*WORK REQUEST*: In the listing below, find the line with "Renault Laguna 1.9tdi 107 km uszkodzona" and the line with "Белый Рено Kadjar, объемом", then return them and every line between them exactly, minus the pictures.

*EXERCISE INPUT*:
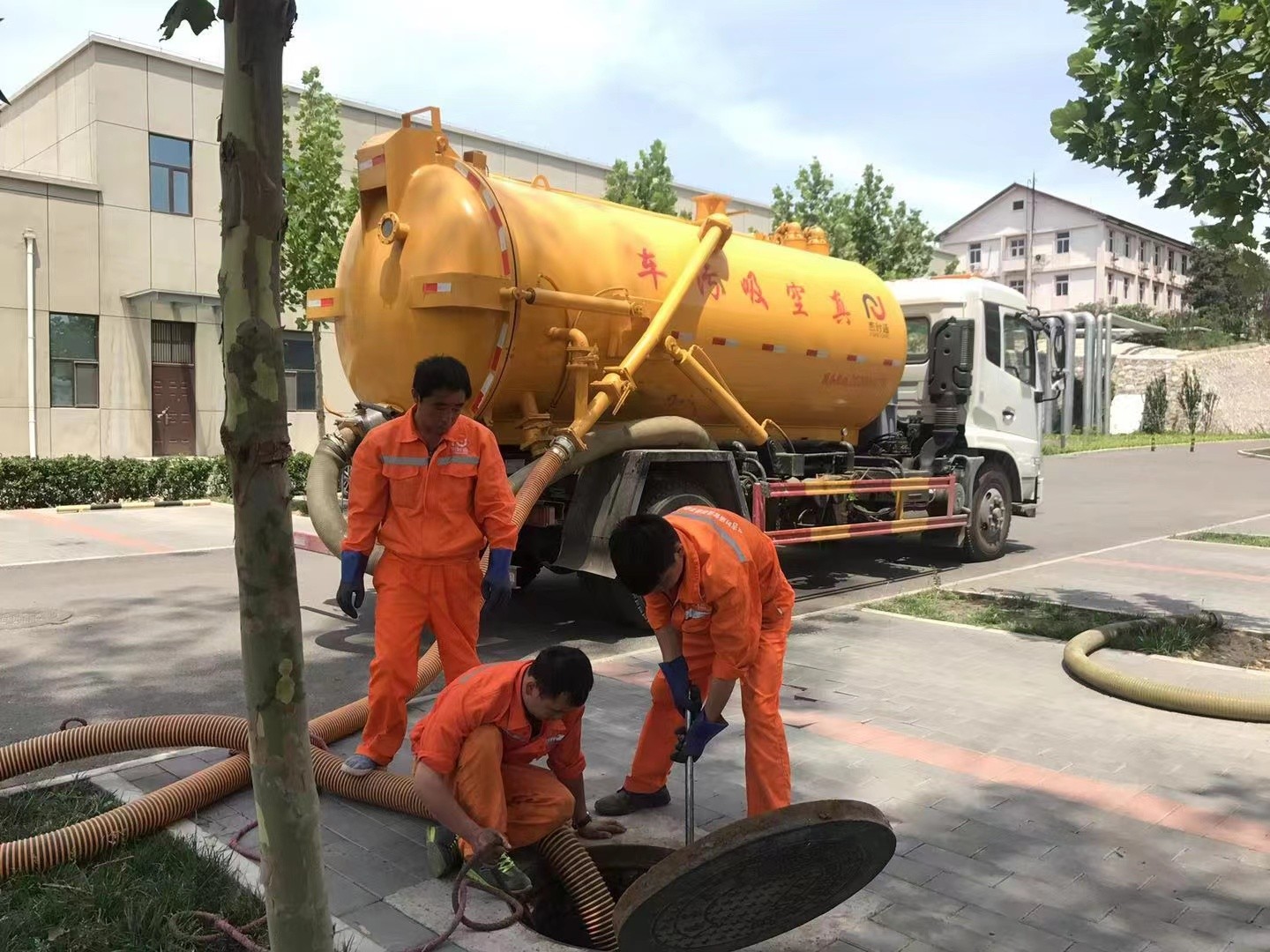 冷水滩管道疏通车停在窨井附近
---
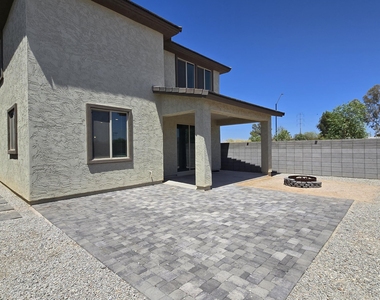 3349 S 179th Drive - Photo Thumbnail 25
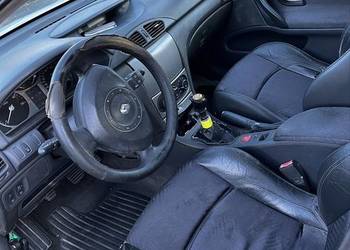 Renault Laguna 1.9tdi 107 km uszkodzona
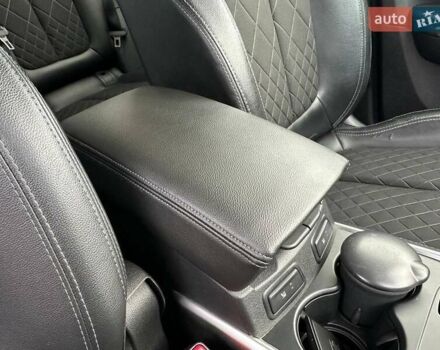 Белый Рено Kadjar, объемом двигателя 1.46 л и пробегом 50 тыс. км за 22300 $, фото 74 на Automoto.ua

*ANSWER BOX*:
 Renault Laguna 1.9tdi 107 km uszkodzona
 Белый Рено Kadjar, объемом двигателя 1.46 л и пробегом 50 тыс. км за 22300 $, фото 74 на Automoto.ua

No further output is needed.